Institutions such as conservation trust funds illustrate how conservation finance operates in practice. These organizations manage endowments, steward donor capital, and design financial mechanisms intended to sustain conservation outcomes over decades rather than grant cycles. Their investment committees and governance structures make decisions about asset allocation, risk tolerance, and liquidity. In this context, financial governance is not peripheral to conservation; it is one of the systems that determines whether conservation efforts endure.
Palau, Micronesia Region
More women in conservation finance strengthens outcomes
The underrepresentation of women in finance is not unique to conservation. Today, women manage less than 3% of the world’s investment capital, represent just 12% of global portfolio managers, and hold less than 20% of executive positions in asset management. Further, despite women’s central role in climate action, less than 1% of global climate finance directly supports women-led initiatives, and women receive under 10% of venture capital funding.
MCT, which is led by a female CEO and CFO, represents the exception and unfortunately not the rule on this front. Increasing the presence of women in financial management positions would, however, signal an important evolution: Women are not only implementing projects or advocating for change; they are designing the very systems that sustain it.
Increasing women’s presence in conservation finance is not about representation for its own sake. It is about responsibility. It is about stewardship. It is about shaping and participating in the architecture of capital that underwrites environmental outcomes.
It also matters for practical reasons:
Governance: Investment committees and governing boards shape institutional risk tolerance, investment time horizons, and mission alignment. Diverse decision-making bodies can strengthen debate around these issues and reduce the likelihood of narrow or short-term investment assumptions.
Broader funding pathways:. Women leaders can broaden the criteria and channels through which conservation finance flows, helping ensure capital reaches local organizations, communities, and governments that are often overlooked in traditional funding structures.
Long-term outcomes: Greater gender balance in financial governance can reinforce investment priorities that favor long-term resilience and durable institutional funding.
Credibility: Ensuring women hold positions of leadership in finance can strengthen trust with donors, partners and communities.
These are not abstract benefits; they are practical governance outcomes that affect whether conservation ensures and scales.
The path forward for women
Establishing a larger pipeline for women in finance roles will not happen overnight.

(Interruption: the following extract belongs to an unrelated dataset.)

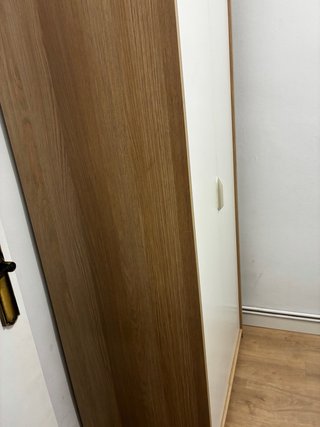 Armario blanco y madera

It requires deliberate technical work: training in financial analysis, investment governance, structured finance, and risk management.

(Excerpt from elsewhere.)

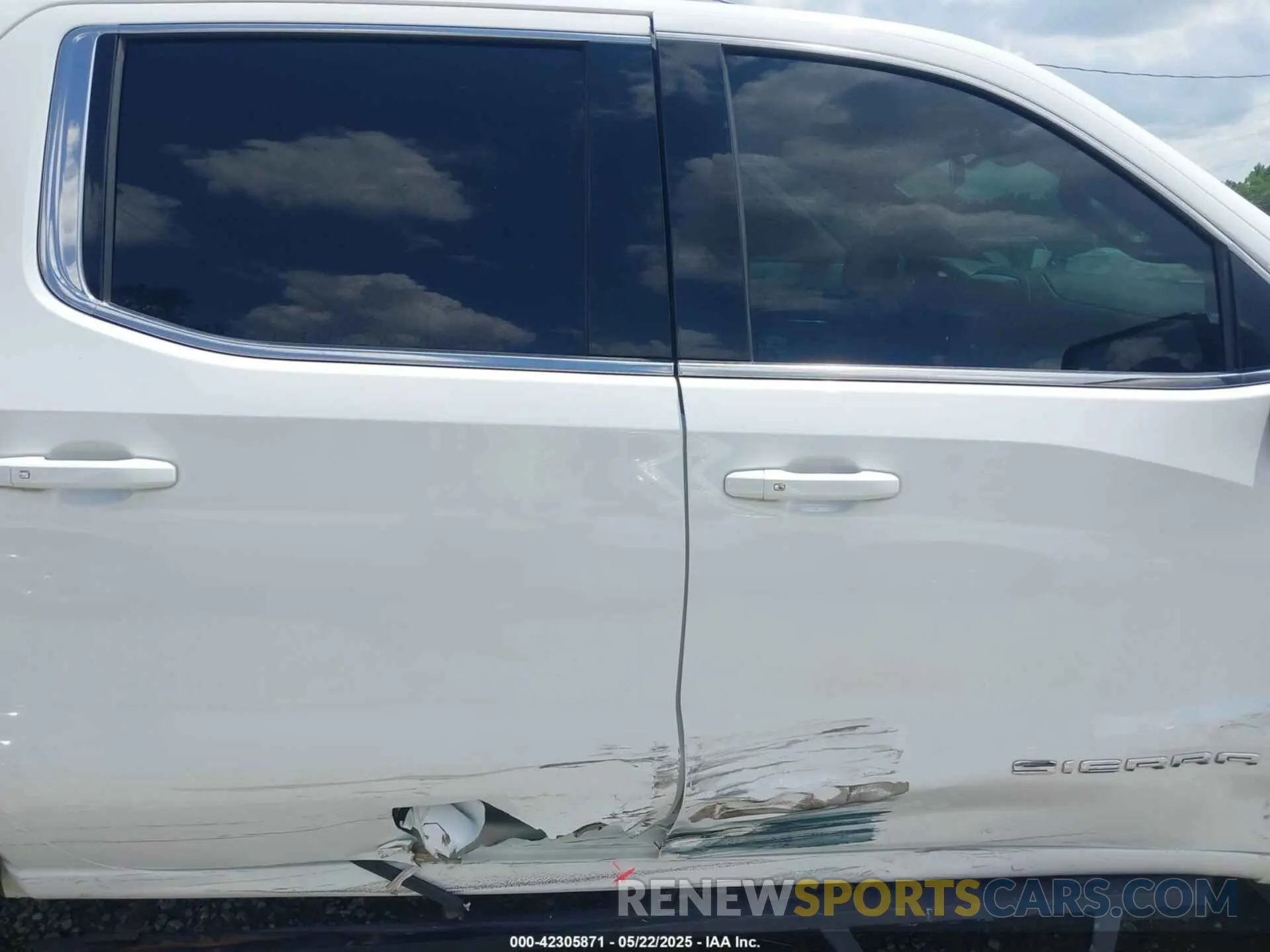 13 Photograph of a damaged car 3GTU9BED4KG256025 GMC SIERRA 1500 2019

It will also require institutions – within conservation and beyond – to make what are often behind-the-scenes roles more visible and accessible. This includes creating career paths into fiduciary roles, targeted fellowships and apprenticeships, and governance reforms such as clear diversity metrics and standards for gender equality.
The future of conservation will not be determined only by who speaks about climate change. It will be determined by who governs and stewards the capital that makes conservation possible.
International Women’s Day is an opportunity not only to celebrate women’s contributions to conservation, but also to recognize—and expand—the role of women in the financial systems that sustain it.